“I wasn’t sure what to expect,” recalls a woman who first walked through the doors of the Clarington East Food Bank a year ago. Instead of judgment, she found compassion and warmth.
Walking into the food bank between Mill St. and Church St. feels like stepping into a small, welcoming supermarket. Volunteers guide visitors through shelves of essential items with a shopping cart in hand.
“Once I got past that first step, it was like a dream,” said the woman who wishes to remain anonymous. “Everyone was so kind and helpful. It really felt like family.”
As inflation rises, many residents in Durham Region are struggling to cover basic needs, pushing them to rely on food banks and support programs. Over 52 per cent of food-insecure households are employed, and 18 per cent of lone-parent families with children under 25 struggle with food insecurity, according to The Price of Eating Well in Durham Region 2023. .

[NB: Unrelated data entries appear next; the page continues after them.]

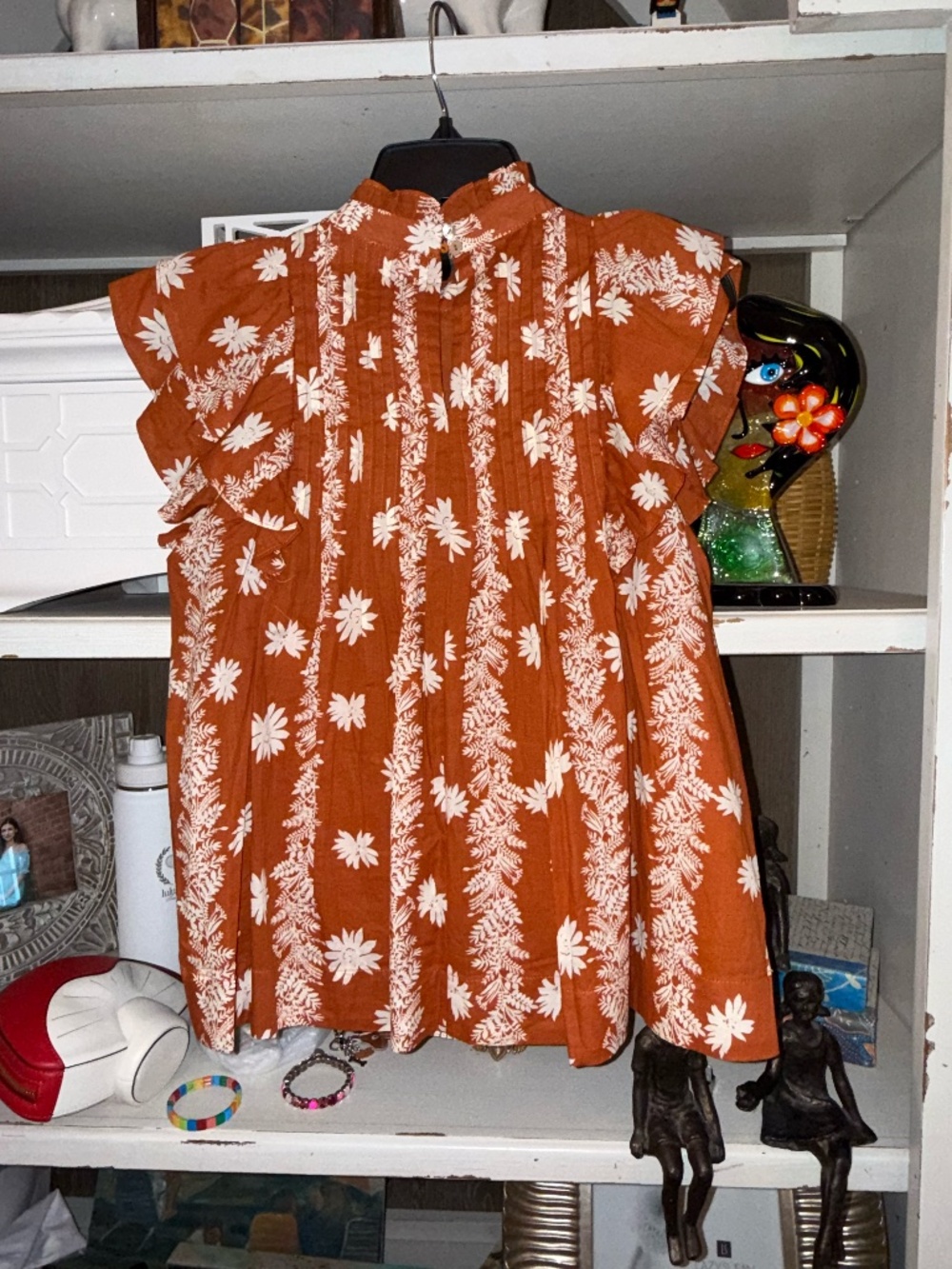 J. marie Xs Aubrey pleated top in burnt orange floral ruffled sleeves nwt - Picture 5 of 5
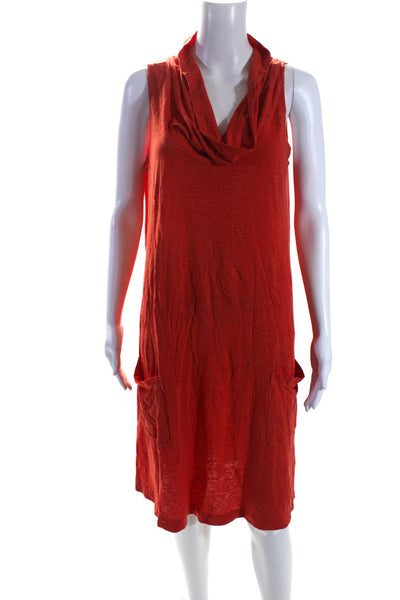 Eileen Fisher Womens Collared Two Pocket Sleeveless Dress Orange Size M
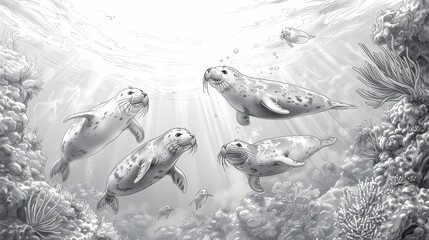 Wall Mural - Underwater: A coloring book page showcasing a group of playful seals swimming in crystal-clear waters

Housing affordability adds another burden, with the average price of a new single-detached home in the region increasing by 21.9 per cent in 2023 to over a million dollars. Inflation rates continue to climb, reaching 2 per cent in October 2024 from 1.6 per cent the previous month, according to Statistics Canada.
Organizations like the Clarington East Food Bank, Feed the Need in Durham, and North House are stepping in to address these growing challenges.
For the woman who started to use the food bank a year ago, the impact extended beyond food. During one of the most difficult periods of her life, the Clarington East Food Bank became a critical lifeline.
“Susan and Tracy (assistant manager) were there every step of the way,” she said. “They didn’t just provide food; they helped me navigate my father’s end-of-life care. Their support was invaluable.”
Susan Pascoe, executive director of the Clarington East Food Bank, said many people rely on the food bank for more than food.
“For some, we are the only family they have,” said Pascoe. “Many are alone, isolated, and dealing with mental health issues. They might be estranged from their families or unable to work.”
The Durham Region Health Department found that in June 2023, the cost of a basic healthy diet for a family of four was $1,173 per month, an 11 per cent increase from 2022.
“A single person only receives about $733 a month to survive,” said Stella Danos-Papaconstantinou, commissioner of social services for Durham Region. “So often, these same individuals end up becoming homeless.”
Families on fixed incomes face impossible decisions between paying for food and rent.
“If your Ontario Disability Support Program check is $1,300 a month, how are you going to afford housing or transportation to work?” Pascoe said.
“When you don’t have basic needs, it encompasses every aspect of your daily life from when you wake up to when you finally get to sleep.”
Danos-Papaconstantinou stressed the importance of living wages. “Minimum wage rose to $17.20, but in Durham, a family needs $21.65 an hour to live comfortably,” she said.
Food banks are no longer temporary solutions.
“Twenty per cent of our clients have relied on us for 15 years or more,” Pascoe said, reflecting the chronic nature of food insecurity.
Ben Earle, CEO of Feed the Need in Durham, said his organization has seen an exponential increase in demand across the 70 food programs it supports.
“Inflation has had a direct impact on the significant demand increases that we’ve seen in the last few years for food banks,” said Earle.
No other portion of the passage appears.